• GIVEN DATA:

* * * *

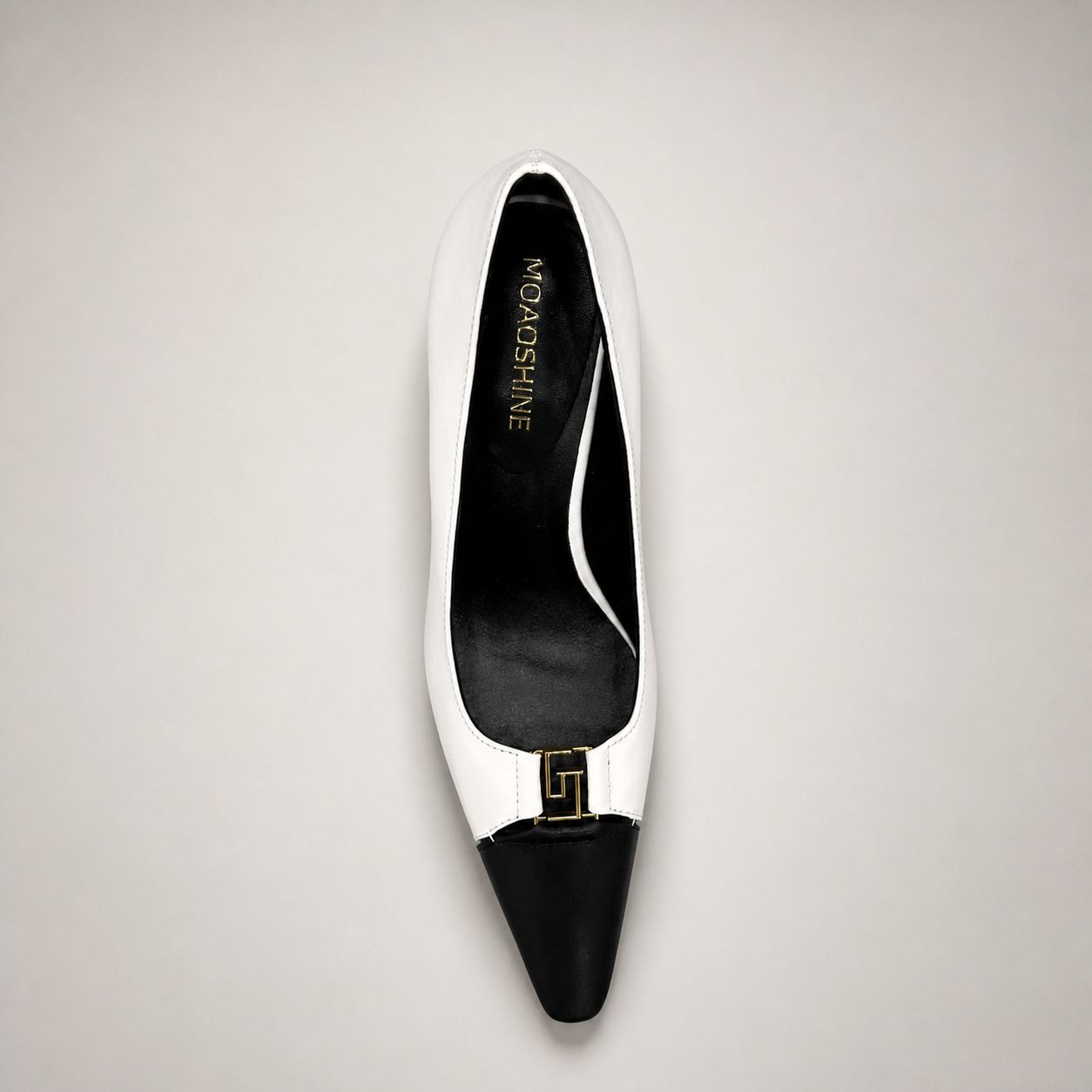 White pump top view showing a square toe, slingback strap, and metal accent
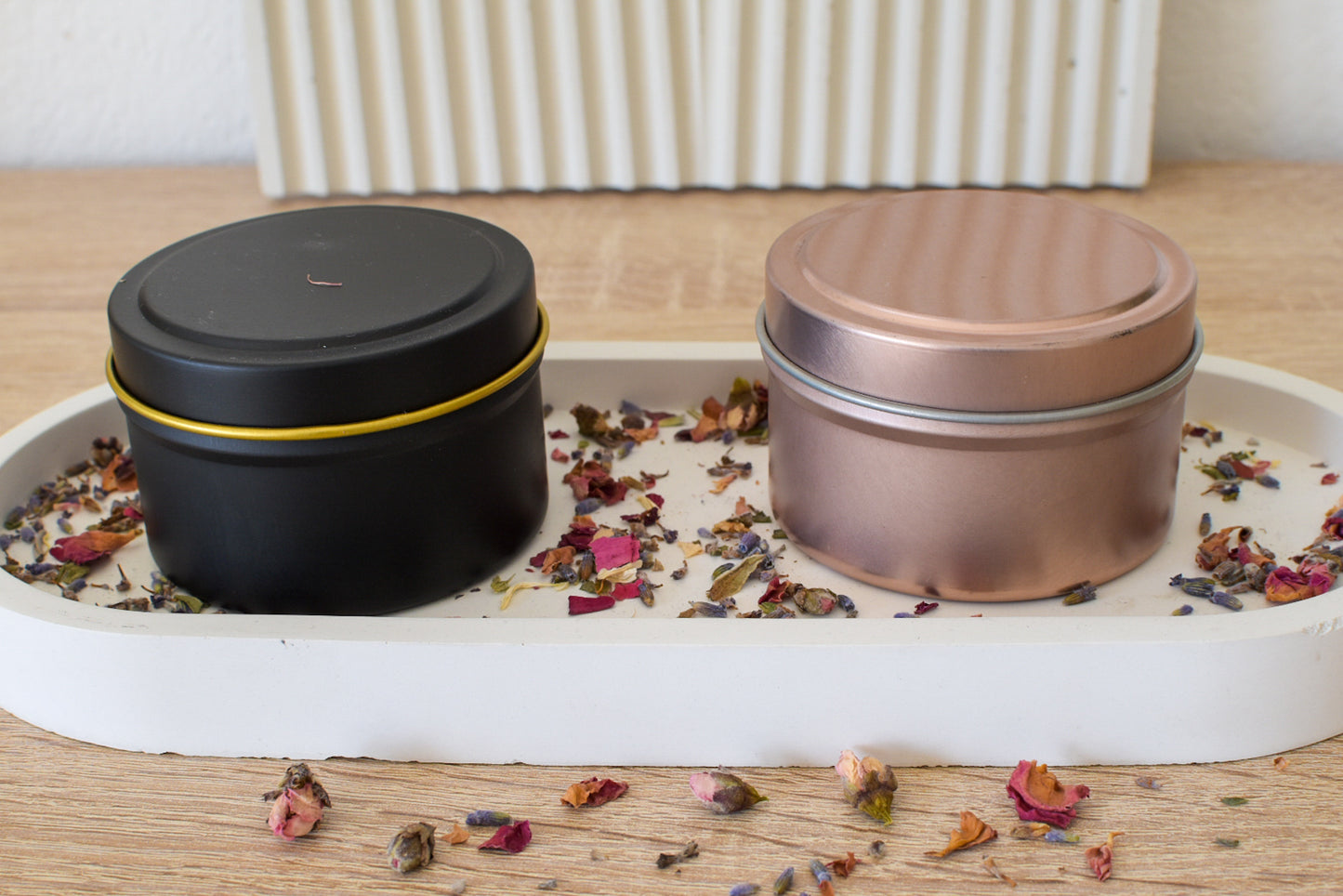 Schwarze und roséfarbene Duftkerzen in Dose auf Betontablett – minimalistische Tischdeko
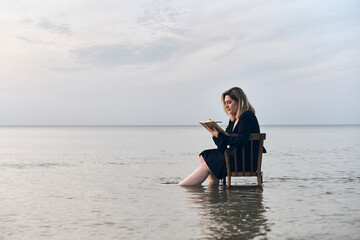 Young woman sits on chair in shallow water at sunset, writing in notebook. Serene ocean setting...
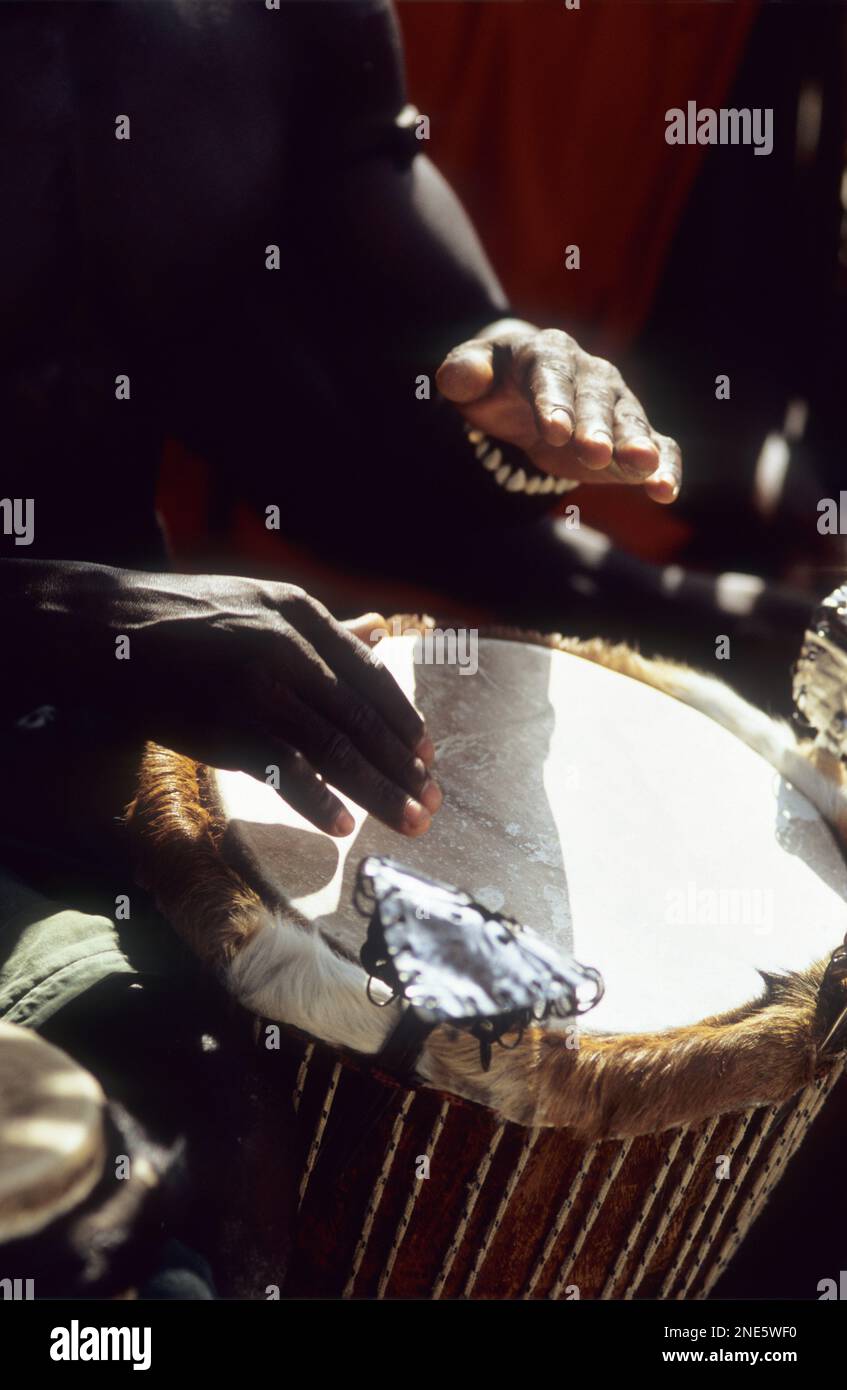 Gambia, Sanyang Beach, locals playing the drums Stock Photo Alamy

* * * *

• AIM OF THE TASK: Take the line with "Schwarze und roséfarbene" and each line after it through the end of the material above, and reproduce them exactly, without the pictures.

• EXERCISE RESPONSE:
 Schwarze und roséfarbene Duftkerzen in Dose auf Betontablett – minimalistische Tischdeko
 Young woman sits on chair in shallow water at sunset, writing in notebook. Serene ocean setting...
 Gambia, Sanyang Beach, locals playing the drums Stock Photo Alamy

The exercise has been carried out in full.